Karvelas
SkyNews Melbourne
7:00 PM
2 October 2016
E & OE
KARVELAS:
Mitch Fifield do you know of another thing happening right now?
FIFIELD:
I don’t.
KARVELAS:
Why would we?
FIFIELD:
I was so excited yesterday. What a fantastic story for the Western Bulldogs. I’m a Hawthorn supporter so I didn’t think I would feel emotionally invested in the match but I couldn’t help myself.
KARVELAS:
I was born in Footscray so I had a soft spot, but we’re a Sydney Swans family, so to be perfectly honest with you, not a good outcome for the children.
FIFIELD:
No.
KARVELAS:
Not a good end.
FIFIELD:
No, conflicted.
KARVELAS:
And that booing. They were very nasty to the Swans.
FIFIELD:
I think that was entirely predictable.
KARVELAS:
And it worked.
FIFIELD:
You’ve got a Victorian team against an interstate team in the Grand Final. There will be a bit of passion expressed.
KARVELAS:
Just a bit, it wasn’t polite.
Let’s get to the politics. Liberal Senator Cory Bernardi has urged the Coalition to support policies more like One Nation, should you be doing that? Is that a good idea?
FIFIELD:
We have our own policy agenda. We have our own vision for the nation. And that’s what we should pursue.
As you know we are very focused on the business of budget repair. We’ve had some success with the passage of the omnibus bill.
As a party we warmly embrace immigration, but we recognise that what the Australian people expect is that you have secure borders. And when you have secure borders then the Australian people are much more comfortable with a high immigration intake.
But we’ve got our plan and we should pursue it.
KARVELAS:
He says the reason you should embrace these policies is to reconnect with voters. Do you need to reconnect with voters?
FIFIELD:
You’ve constantly got to earn the trust of the Australian people. It’s not something that you just do during the course of an election campaign. It’s something that you have to do day in, day out as a Member of Parliament. And day in, day out as a Government.
KARVELAS:
Do you agree with his thesis though, that you need to have these, kind of I suppose you have to say more right wing policies, harder line on immigration, harder line on Muslims, to try to appeal to this base. This base that is leaving you?
FIFIELD:
Well I don’t accept that our base is leaving us. We won the election. It was a tightly fought contest.

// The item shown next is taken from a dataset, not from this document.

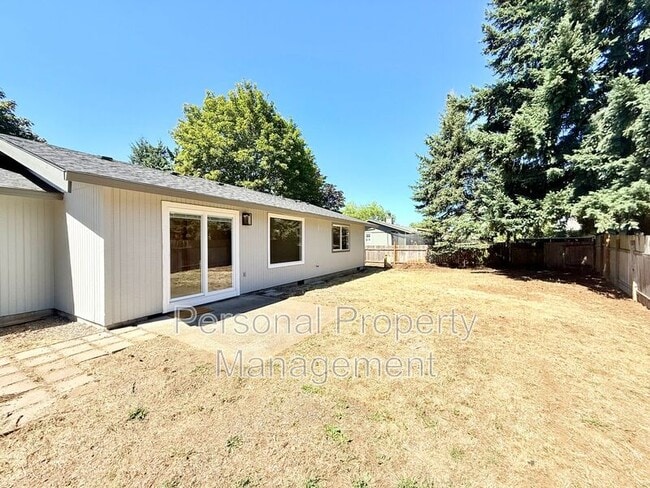 Building Photo - 15802 SE 14th St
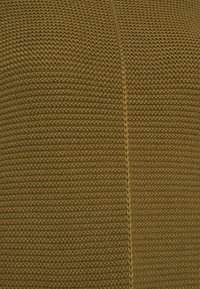Tessuto a maglia di colore verde oliva, che presenta una superficie texture con fili intrecciati strettamente e un delicato dettaglio di cucitura.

But something that we also have to recognise is that there is always a bit of a footloose vote on the right of politics, particularly in Queensland. It manifests itself in different ways. We saw the Joh for PM exercise, we had the first iteration of Pauline Hanson and One Nation, the Palmer United Party, Pauline Hanson again, returning to the Parliament. So there is always a bit of a footloose vote.
And what we want to do, as a Coalition, is have a broad appeal. And the Liberal Party and the National Party working together in Coalition I think provides very broad appeal for the Australian community.
KARVELAS:
Of course Victorian voters and you’re a Victorian Senator, demand something very different to what Cory Bernardi is calling for.
Does that concern you? Is that why you’re arguing for the sort of centre ground, centre right ground. That actually across the country the story is a different one?
FIFIELD:
Elections are always fought and won in the centre. I think on occasion, commentators forget the fact, and I certainly know the opposition forget the fact, that we actually won the election.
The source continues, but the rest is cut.